_What the task requires_
Would you please copy the part of the material below that opens with the line containing "VT license plate BZH062" and closes with the line containing "A Modern Simplified"? Copy it exactly, and only it.
○ ○ ○ ○ ○
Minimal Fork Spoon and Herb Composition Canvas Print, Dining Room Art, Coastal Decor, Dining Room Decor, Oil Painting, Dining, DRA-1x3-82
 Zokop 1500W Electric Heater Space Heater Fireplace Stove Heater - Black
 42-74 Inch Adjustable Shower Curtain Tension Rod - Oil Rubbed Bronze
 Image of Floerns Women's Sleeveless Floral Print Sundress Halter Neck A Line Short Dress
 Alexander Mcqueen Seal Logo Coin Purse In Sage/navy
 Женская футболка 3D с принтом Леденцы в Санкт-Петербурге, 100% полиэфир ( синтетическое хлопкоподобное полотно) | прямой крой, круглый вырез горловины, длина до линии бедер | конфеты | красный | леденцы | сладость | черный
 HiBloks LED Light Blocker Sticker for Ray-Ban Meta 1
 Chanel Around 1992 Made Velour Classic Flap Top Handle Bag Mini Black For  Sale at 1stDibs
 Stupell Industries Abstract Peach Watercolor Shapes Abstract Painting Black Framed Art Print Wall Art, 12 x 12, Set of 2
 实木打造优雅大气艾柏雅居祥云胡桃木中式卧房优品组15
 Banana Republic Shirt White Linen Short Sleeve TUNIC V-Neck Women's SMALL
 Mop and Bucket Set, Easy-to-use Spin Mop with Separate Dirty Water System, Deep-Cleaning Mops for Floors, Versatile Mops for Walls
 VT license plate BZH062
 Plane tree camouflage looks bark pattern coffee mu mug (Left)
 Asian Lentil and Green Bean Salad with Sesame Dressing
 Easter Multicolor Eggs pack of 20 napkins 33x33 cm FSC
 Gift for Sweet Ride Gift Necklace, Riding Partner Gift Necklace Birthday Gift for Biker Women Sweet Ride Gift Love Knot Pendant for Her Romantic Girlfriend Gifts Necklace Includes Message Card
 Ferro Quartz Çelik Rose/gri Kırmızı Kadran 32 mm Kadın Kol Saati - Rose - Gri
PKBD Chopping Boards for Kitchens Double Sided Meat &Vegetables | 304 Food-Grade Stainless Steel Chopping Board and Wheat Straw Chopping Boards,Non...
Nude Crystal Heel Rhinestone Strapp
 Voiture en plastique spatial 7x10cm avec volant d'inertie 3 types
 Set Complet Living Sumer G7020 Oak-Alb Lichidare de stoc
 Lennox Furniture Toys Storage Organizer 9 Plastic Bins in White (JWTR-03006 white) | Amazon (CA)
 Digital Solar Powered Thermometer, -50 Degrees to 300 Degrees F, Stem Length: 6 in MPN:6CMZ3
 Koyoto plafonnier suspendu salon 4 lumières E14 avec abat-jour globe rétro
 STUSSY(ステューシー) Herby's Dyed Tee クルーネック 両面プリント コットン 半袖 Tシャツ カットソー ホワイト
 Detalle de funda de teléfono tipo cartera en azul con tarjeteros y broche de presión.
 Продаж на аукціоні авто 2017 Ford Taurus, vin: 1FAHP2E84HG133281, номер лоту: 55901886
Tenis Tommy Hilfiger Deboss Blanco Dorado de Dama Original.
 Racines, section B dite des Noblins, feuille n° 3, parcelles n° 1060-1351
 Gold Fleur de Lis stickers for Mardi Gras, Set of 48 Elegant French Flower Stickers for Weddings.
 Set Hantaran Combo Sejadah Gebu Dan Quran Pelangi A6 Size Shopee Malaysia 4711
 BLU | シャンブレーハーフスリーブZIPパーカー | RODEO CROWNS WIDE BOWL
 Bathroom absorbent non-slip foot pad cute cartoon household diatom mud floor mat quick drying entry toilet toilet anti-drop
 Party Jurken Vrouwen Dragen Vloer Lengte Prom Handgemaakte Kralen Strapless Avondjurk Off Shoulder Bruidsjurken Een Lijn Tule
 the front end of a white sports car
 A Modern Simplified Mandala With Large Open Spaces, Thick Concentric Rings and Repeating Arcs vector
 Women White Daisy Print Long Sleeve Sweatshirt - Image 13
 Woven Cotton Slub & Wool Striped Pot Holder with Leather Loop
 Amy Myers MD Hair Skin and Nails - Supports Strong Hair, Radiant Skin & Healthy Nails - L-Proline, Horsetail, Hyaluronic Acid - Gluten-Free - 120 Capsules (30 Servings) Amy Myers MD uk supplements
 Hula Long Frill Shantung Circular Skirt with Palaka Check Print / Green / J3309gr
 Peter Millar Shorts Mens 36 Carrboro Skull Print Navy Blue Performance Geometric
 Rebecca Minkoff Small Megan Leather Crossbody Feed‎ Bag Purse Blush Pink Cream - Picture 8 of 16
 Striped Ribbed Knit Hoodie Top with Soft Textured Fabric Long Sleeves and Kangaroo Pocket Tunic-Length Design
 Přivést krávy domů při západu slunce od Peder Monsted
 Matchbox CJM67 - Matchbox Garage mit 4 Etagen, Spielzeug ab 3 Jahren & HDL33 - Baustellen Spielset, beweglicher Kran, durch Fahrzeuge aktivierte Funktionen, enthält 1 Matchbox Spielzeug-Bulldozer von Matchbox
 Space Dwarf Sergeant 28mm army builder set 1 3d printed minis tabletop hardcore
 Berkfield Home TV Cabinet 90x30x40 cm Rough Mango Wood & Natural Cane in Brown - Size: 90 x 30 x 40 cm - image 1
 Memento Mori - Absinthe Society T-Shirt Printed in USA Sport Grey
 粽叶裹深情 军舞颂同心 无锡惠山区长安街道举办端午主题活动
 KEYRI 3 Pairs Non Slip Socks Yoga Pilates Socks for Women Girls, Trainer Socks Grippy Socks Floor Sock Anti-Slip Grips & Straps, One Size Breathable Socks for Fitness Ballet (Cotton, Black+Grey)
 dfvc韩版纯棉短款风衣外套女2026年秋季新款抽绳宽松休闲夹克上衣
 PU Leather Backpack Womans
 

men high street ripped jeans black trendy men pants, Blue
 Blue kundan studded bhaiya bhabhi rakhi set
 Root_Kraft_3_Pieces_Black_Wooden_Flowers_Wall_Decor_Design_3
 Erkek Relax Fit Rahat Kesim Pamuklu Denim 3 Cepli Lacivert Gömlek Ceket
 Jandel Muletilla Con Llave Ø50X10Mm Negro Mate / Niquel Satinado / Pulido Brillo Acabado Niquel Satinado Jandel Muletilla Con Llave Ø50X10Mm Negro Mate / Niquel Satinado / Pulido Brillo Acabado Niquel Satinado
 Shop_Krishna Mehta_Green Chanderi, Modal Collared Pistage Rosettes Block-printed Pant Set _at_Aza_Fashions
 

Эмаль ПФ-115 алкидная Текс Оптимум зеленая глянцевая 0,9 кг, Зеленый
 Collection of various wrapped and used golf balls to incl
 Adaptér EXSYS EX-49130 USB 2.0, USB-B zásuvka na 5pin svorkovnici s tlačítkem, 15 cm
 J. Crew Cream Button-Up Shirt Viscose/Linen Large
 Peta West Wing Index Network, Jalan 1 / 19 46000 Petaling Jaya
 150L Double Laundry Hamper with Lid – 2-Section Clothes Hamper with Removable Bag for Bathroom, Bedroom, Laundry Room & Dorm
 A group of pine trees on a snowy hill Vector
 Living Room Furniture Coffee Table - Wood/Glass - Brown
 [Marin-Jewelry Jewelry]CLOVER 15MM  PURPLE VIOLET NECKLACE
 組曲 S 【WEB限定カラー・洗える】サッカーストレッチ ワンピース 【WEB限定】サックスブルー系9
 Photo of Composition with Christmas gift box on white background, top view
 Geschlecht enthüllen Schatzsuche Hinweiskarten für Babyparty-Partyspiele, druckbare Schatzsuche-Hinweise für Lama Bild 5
○ ○ ○ ○ ○
_Result below_
 VT license plate BZH062
 Plane tree camouflage looks bark pattern coffee mu mug (Left)
 Asian Lentil and Green Bean Salad with Sesame Dressing
 Easter Multicolor Eggs pack of 20 napkins 33x33 cm FSC
 Gift for Sweet Ride Gift Necklace, Riding Partner Gift Necklace Birthday Gift for Biker Women Sweet Ride Gift Love Knot Pendant for Her Romantic Girlfriend Gifts Necklace Includes Message Card
 Ferro Quartz Çelik Rose/gri Kırmızı Kadran 32 mm Kadın Kol Saati - Rose - Gri
PKBD Chopping Boards for Kitchens Double Sided Meat &Vegetables | 304 Food-Grade Stainless Steel Chopping Board and Wheat Straw Chopping Boards,Non...
Nude Crystal Heel Rhinestone Strapp
 Voiture en plastique spatial 7x10cm avec volant d'inertie 3 types
 Set Complet Living Sumer G7020 Oak-Alb Lichidare de stoc
 Lennox Furniture Toys Storage Organizer 9 Plastic Bins in White (JWTR-03006 white) | Amazon (CA)
 Digital Solar Powered Thermometer, -50 Degrees to 300 Degrees F, Stem Length: 6 in MPN:6CMZ3
 Koyoto plafonnier suspendu salon 4 lumières E14 avec abat-jour globe rétro
 STUSSY(ステューシー) Herby's Dyed Tee クルーネック 両面プリント コットン 半袖 Tシャツ カットソー ホワイト
 Detalle de funda de teléfono tipo cartera en azul con tarjeteros y broche de presión.
 Продаж на аукціоні авто 2017 Ford Taurus, vin: 1FAHP2E84HG133281, номер лоту: 55901886
Tenis Tommy Hilfiger Deboss Blanco Dorado de Dama Original.
 Racines, section B dite des Noblins, feuille n° 3, parcelles n° 1060-1351
 Gold Fleur de Lis stickers for Mardi Gras, Set of 48 Elegant French Flower Stickers for Weddings.
 Set Hantaran Combo Sejadah Gebu Dan Quran Pelangi A6 Size Shopee Malaysia 4711
 BLU | シャンブレーハーフスリーブZIPパーカー | RODEO CROWNS WIDE BOWL
 Bathroom absorbent non-slip foot pad cute cartoon household diatom mud floor mat quick drying entry toilet toilet anti-drop
 Party Jurken Vrouwen Dragen Vloer Lengte Prom Handgemaakte Kralen Strapless Avondjurk Off Shoulder Bruidsjurken Een Lijn Tule
 the front end of a white sports car
 A Modern Simplified Mandala With Large Open Spaces, Thick Concentric Rings and Repeating Arcs vector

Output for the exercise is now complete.